What is Ethical Legal Marketing?
Each state has implemented ethical rules governing legal marketing differently (and some have implemented the Model Code, an entirely different set). Attorneys often break the guidelines because they are not aware of the evolving state bar rules and ethics decisions, or because they abdicate their marketing to a generic marketing firms that does not understand the special considerations that apply to the legal field.
There is a lot of risk involved when a client chooses a law firm. Most of the time it includes their freedom, money, reputation, or responsibilities. It is important to educate clients in honest ways to prove your firm is equipped to take on their challenges. Below outlines some of the common ethical legal marketing issues and best practices to follow:
One of the most frequently violated ethical legal marketing guidelines pertains to testimonial use. Best practice recommendation is to avoid testimonials:
- That discuss outcomes of legal matters
- That discuss quality of legal skill
- That imply, or could be thought to imply by any stretch of imagination, that a similar result is likely
- That are paid (whether in money, barter, discounts, or in any other way)
- Where, if any facts are stated in the testimonial, they cannot be verified
- That are anonymous
Never, ever use fake testimonials. Ever.
Writing Your Disclaimer
The fact of the matter is, there's a tension between effective marketing and being so conservative you get little benefit from a testimonial because it's blunted.
Many states prohibit attorney disclaimers that could give an unjustified expectation about the results a lawyer is able to achieve for a particular type of case. Below are starting point recommendations for writing a disclaimer based on your comfort on either end of the spectrum. But, since we're talking about disclaimers here - here's our disclaimer. These disclaimers aren't legal advice - you are responsible for making your own judgement based on your situation, and your state.
Marketing-Friendly Disclaimer: “Here’s what our past clients say about us based on their unique situations:”
Middle Of The Road Disclaimer: “Your situation and legal matter is unique, and we cannot promise you a specific result. In fact, no lawyer can guarantee your result will be the same as any previous client. Here’s what our past clients say about us based on their unique situations:”
More Conservative Disclaimer: “Your situation and legal matter is unique, and we cannot promise you a specific result. In fact, no lawyer can guarantee your result will be the same as any previous client. The statements below do not imply your experience will be the same.

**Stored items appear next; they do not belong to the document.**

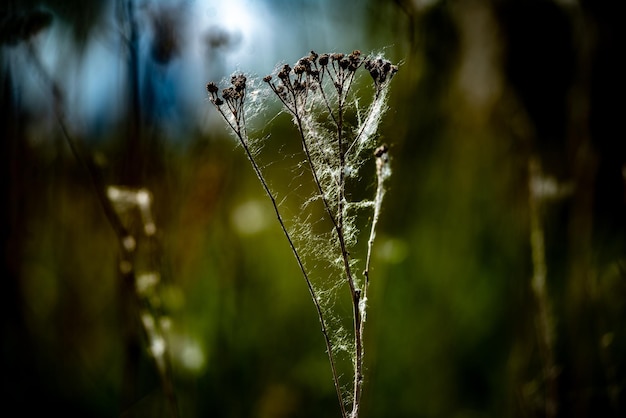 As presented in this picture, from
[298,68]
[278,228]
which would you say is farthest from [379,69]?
[278,228]

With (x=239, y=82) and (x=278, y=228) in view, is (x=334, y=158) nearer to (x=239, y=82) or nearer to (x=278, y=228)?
(x=239, y=82)

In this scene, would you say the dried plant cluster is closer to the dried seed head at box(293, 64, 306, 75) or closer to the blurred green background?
the dried seed head at box(293, 64, 306, 75)

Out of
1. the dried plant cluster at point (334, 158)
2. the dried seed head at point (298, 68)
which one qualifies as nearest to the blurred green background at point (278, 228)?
the dried plant cluster at point (334, 158)

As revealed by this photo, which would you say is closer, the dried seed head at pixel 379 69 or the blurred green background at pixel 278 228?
the dried seed head at pixel 379 69

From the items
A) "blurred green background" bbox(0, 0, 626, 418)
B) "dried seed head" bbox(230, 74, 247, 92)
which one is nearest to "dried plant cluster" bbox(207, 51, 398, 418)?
"dried seed head" bbox(230, 74, 247, 92)

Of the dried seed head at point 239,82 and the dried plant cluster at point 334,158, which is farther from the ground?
the dried seed head at point 239,82

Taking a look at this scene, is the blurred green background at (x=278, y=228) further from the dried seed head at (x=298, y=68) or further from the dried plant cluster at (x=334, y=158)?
the dried seed head at (x=298, y=68) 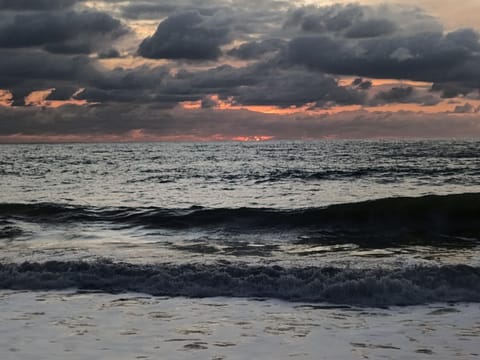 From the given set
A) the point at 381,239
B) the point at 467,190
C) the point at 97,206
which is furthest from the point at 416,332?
the point at 467,190

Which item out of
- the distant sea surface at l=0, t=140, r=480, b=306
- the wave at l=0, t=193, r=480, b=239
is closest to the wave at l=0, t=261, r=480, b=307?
the distant sea surface at l=0, t=140, r=480, b=306

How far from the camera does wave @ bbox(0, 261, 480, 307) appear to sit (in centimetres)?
943

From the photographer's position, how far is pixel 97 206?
79.0 ft

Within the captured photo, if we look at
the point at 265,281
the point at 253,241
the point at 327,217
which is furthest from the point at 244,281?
the point at 327,217

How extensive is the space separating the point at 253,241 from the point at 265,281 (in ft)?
19.7

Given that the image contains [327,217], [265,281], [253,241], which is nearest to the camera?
[265,281]

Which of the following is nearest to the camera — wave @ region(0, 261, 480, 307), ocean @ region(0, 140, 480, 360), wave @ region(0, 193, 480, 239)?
ocean @ region(0, 140, 480, 360)

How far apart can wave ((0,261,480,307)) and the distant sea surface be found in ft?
0.08

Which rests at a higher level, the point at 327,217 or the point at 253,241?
the point at 327,217

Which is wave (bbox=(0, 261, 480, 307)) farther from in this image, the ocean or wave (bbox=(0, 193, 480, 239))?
wave (bbox=(0, 193, 480, 239))

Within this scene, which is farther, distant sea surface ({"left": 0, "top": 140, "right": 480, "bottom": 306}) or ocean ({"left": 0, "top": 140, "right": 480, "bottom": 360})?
distant sea surface ({"left": 0, "top": 140, "right": 480, "bottom": 306})

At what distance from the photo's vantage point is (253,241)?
53.2 ft

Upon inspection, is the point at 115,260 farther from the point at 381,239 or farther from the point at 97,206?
the point at 97,206

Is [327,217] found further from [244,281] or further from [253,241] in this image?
[244,281] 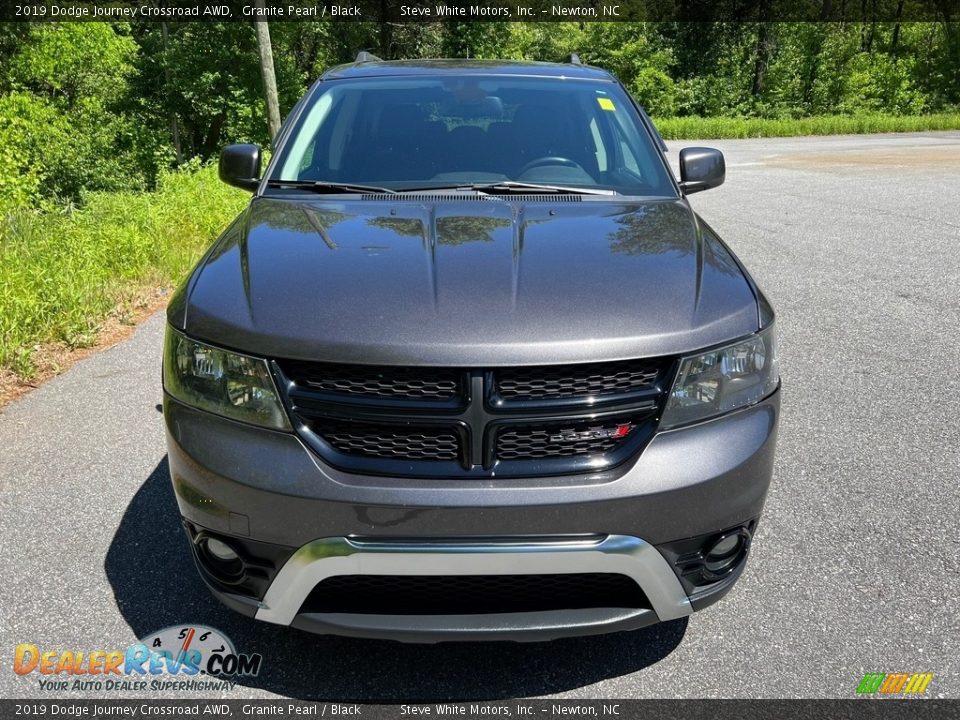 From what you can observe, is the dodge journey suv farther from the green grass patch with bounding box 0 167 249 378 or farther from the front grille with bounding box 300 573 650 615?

Here’s what our past clients say about us based on their unique situations:”
Note: You can also include language in your engagement letter to the effect that “Any statements from prior clients that you may have seen do not imply that you will achieve the same results.” Again, use your own judgment about where on the "marketer versus overly conservative lawyer" you want to be.

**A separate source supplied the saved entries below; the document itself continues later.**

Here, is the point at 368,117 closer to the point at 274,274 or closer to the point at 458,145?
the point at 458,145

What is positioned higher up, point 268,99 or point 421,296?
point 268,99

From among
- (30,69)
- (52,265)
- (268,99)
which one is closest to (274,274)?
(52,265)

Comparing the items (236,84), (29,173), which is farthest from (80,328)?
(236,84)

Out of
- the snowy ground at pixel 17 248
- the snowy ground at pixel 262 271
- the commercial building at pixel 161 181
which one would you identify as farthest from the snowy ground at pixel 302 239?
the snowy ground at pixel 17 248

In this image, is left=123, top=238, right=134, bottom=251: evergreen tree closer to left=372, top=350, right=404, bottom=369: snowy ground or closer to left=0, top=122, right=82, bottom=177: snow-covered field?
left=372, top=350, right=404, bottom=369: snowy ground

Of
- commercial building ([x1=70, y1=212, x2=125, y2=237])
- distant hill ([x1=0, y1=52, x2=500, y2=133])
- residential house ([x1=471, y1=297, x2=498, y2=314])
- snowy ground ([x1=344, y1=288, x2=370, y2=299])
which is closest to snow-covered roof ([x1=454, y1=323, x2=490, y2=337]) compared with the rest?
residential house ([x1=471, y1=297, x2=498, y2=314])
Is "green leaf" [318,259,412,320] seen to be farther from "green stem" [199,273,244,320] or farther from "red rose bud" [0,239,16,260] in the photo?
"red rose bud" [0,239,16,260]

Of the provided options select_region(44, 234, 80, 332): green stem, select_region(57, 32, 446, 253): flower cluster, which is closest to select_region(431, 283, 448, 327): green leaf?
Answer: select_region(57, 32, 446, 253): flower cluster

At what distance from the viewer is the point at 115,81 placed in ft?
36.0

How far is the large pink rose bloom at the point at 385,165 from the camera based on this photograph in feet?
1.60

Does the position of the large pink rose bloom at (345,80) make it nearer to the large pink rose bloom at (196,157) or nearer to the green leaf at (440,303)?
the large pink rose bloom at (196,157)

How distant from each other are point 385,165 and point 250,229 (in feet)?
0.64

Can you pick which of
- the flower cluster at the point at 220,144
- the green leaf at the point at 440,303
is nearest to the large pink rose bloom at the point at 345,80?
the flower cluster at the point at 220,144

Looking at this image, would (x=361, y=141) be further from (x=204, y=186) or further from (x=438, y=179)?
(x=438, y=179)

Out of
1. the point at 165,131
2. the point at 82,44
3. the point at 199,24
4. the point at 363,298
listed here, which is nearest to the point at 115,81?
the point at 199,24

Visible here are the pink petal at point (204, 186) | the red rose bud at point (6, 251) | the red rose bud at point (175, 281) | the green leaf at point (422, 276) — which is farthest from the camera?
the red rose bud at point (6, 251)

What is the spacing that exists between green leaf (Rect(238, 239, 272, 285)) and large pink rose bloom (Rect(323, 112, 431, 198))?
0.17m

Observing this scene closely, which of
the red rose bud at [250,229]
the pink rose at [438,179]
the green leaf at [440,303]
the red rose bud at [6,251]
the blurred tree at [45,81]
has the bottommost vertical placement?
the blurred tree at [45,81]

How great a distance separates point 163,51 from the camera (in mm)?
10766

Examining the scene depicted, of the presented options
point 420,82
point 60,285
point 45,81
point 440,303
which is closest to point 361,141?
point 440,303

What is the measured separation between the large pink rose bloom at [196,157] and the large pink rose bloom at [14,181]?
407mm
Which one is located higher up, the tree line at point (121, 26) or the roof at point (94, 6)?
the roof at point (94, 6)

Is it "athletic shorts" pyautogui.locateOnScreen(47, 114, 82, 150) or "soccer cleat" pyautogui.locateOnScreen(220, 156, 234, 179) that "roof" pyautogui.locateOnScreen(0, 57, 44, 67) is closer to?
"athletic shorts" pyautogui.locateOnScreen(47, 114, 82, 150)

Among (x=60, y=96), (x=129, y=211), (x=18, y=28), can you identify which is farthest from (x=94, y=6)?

Lawyers need to be generating educational information that is readily available to clients and potential clients. It will help them understand what they are facing and how the laws may affect them. According to an Avvo report, 42% of consumers research their legal issues online; and accordingly it becomes imperative for you to provide ethical and educational legal content to your client base.
What is it that make you or your firm the best available option for clients? As you learned, all of the educational content must be supplied within the parameters of your state bar guidelines. Can you keep up with the complexities of legal marketing? Discover how legal content marketing can help you educate your potential buyers and attract ideal clients.
Looking for a complete breakdown of the state of law firm marketing and how firms are catching up? Check out our compiled guide to law firm marketing.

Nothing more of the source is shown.